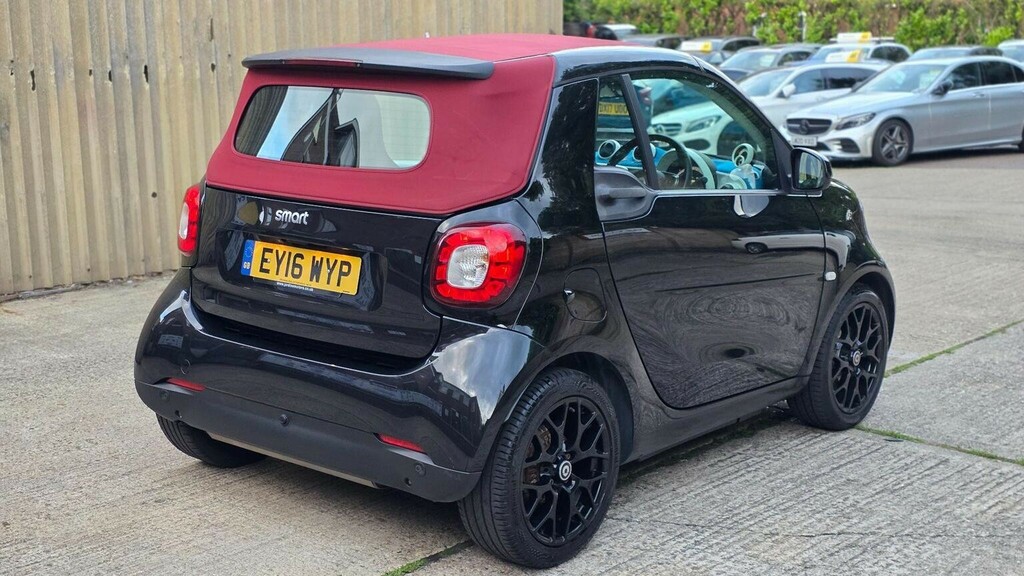 Smart Fortwo Cabrio 1.0 Proxy Cabriolet Twinamic Euro 6 Ss Black #6
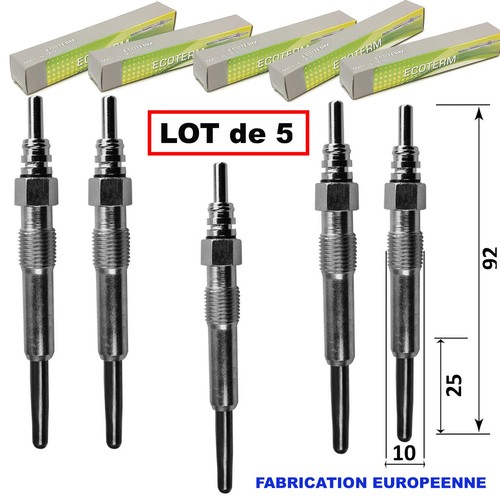 Bougie préchauffage pour - 5,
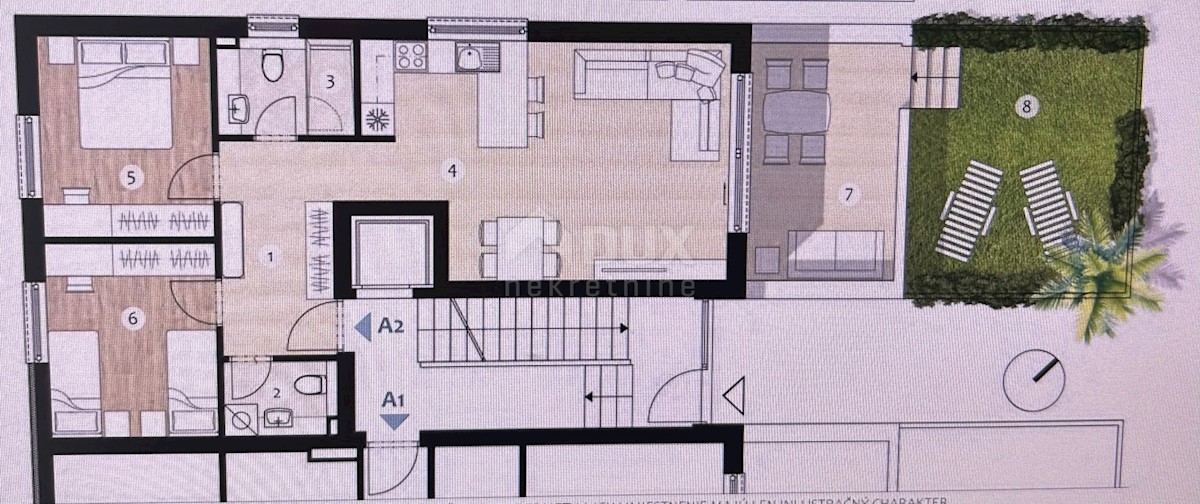 Apartma Naprodaj - ZADARSKA Ugljan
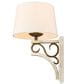 Golden Lighting Solay 1-Light Wall Sconce in Burnished Chestnut, , large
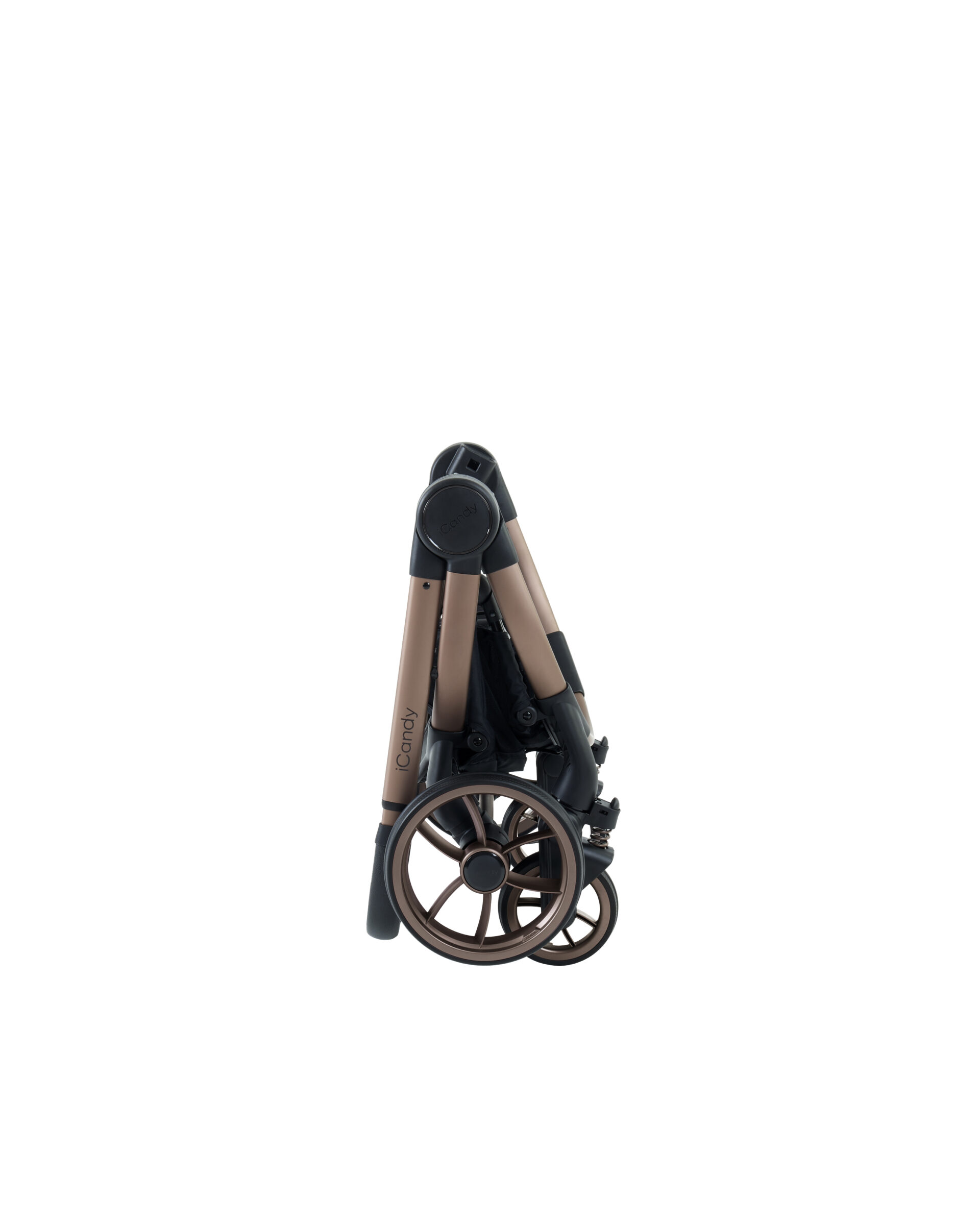 4u1 kolica iCandy Peach 7 Complete Bundle, Pecan Phantom + BeSafe autosjedalica sa bazom - Slika 7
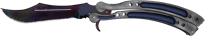 Butterfly Knife | Doppler Black Pearl image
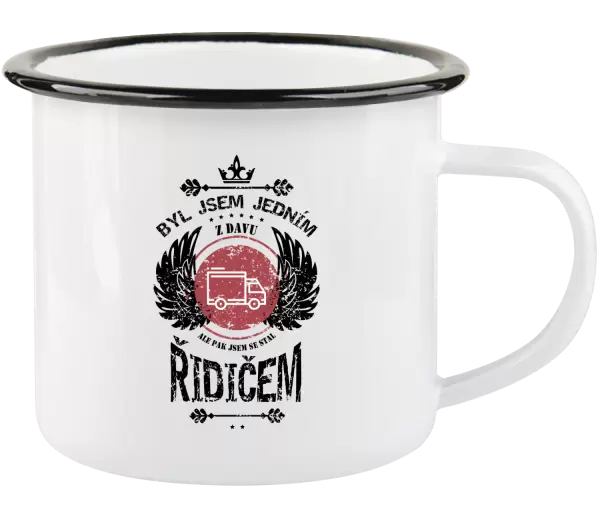 Plecháček Byl jsem jedním z davu, ale pak jsem se stal řidičem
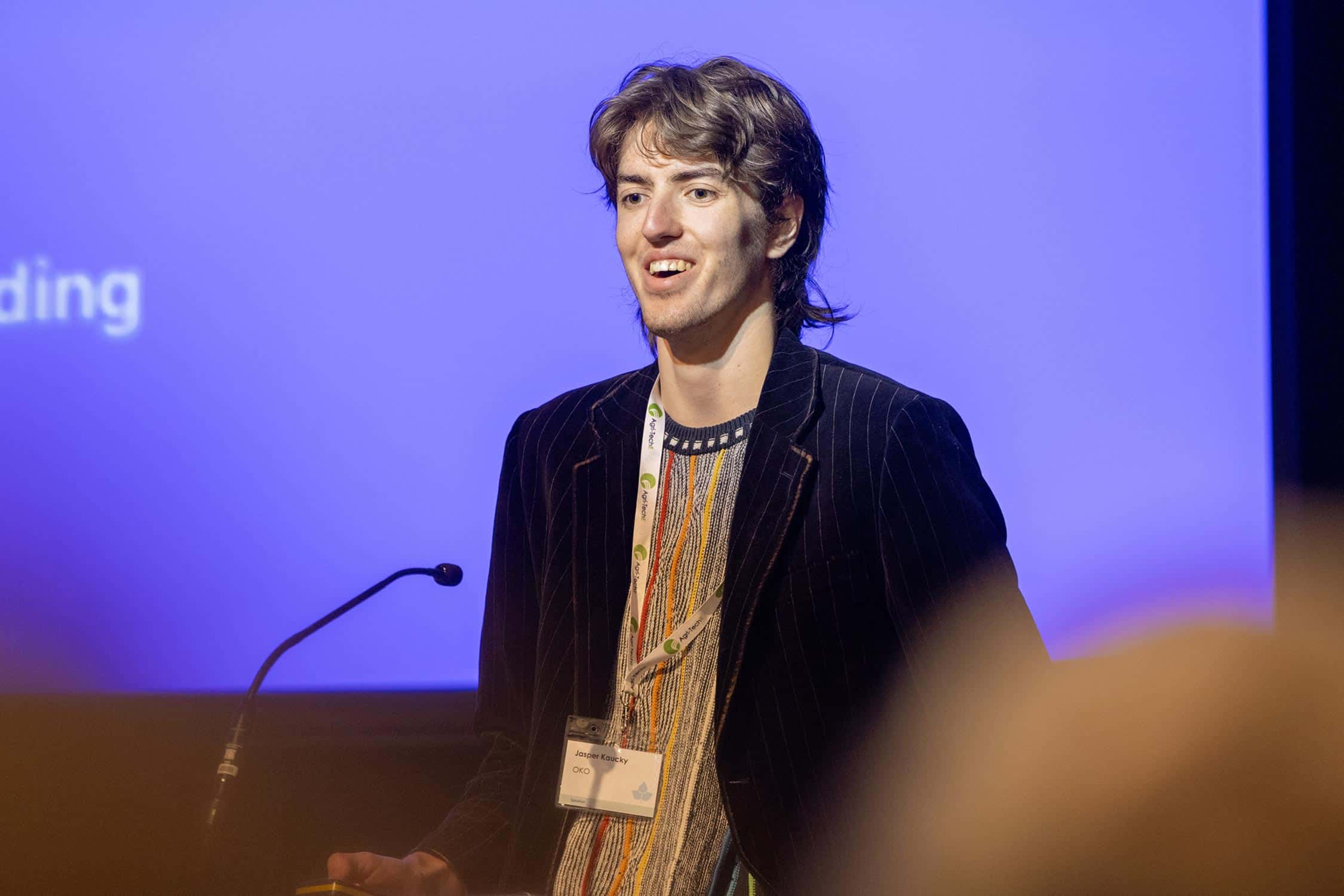 Jasper Kaucky, Oko Ag, REAP Start-Up Showcase 2025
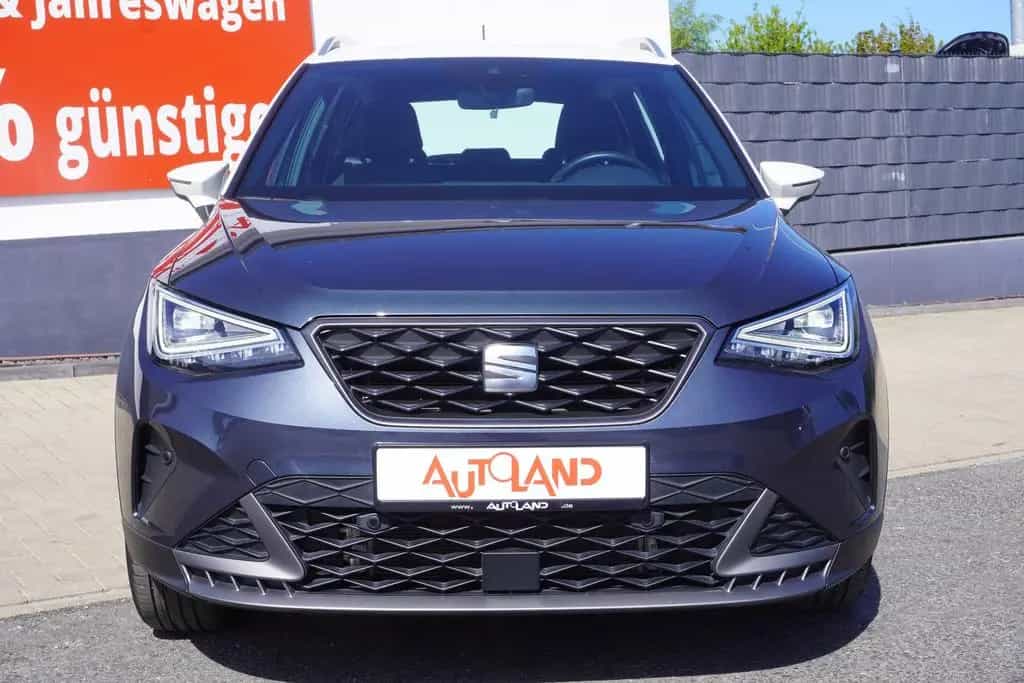 Seat Arona 1.5 TSI FR DSG LED Navi Sitzheizung ACC 03/2023-photo-7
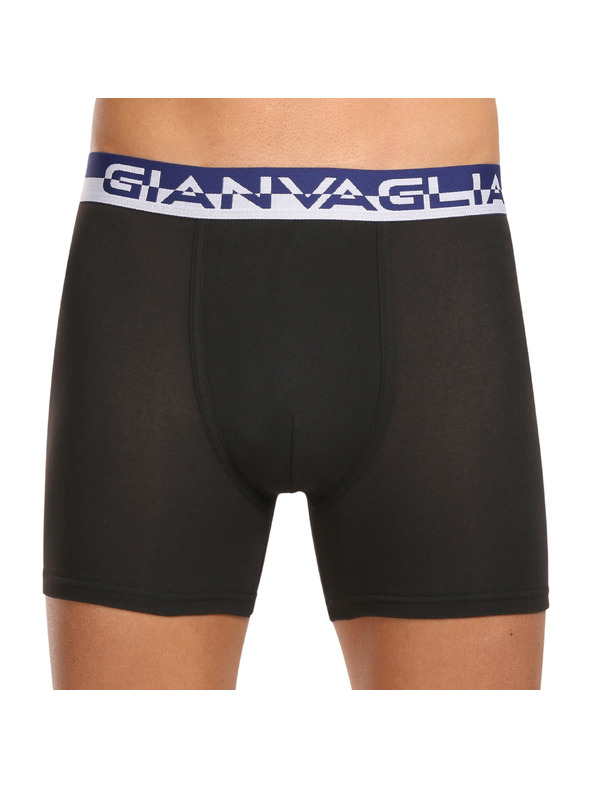 Gianvaglia Set od deset - muške bokserice Gianvaglia crne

**Required action:** Exactly what appears in the records above must be returned, apart from the pictures.

**Expected answer:**
 Smart Fortwo Cabrio 1.0 Proxy Cabriolet Twinamic Euro 6 Ss Black #6
 Bougie préchauffage pour - 5,
 Apartma Naprodaj - ZADARSKA Ugljan
 Golden Lighting Solay 1-Light Wall Sconce in Burnished Chestnut, , large
 4u1 kolica iCandy Peach 7 Complete Bundle, Pecan Phantom + BeSafe autosjedalica sa bazom - Slika 7
 Butterfly Knife | Doppler Black Pearl image
 Plecháček Byl jsem jedním z davu, ale pak jsem se stal řidičem
 Jasper Kaucky, Oko Ag, REAP Start-Up Showcase 2025
 Seat Arona 1.5 TSI FR DSG LED Navi Sitzheizung ACC 03/2023-photo-7
 Gianvaglia Set od deset - muške bokserice Gianvaglia crne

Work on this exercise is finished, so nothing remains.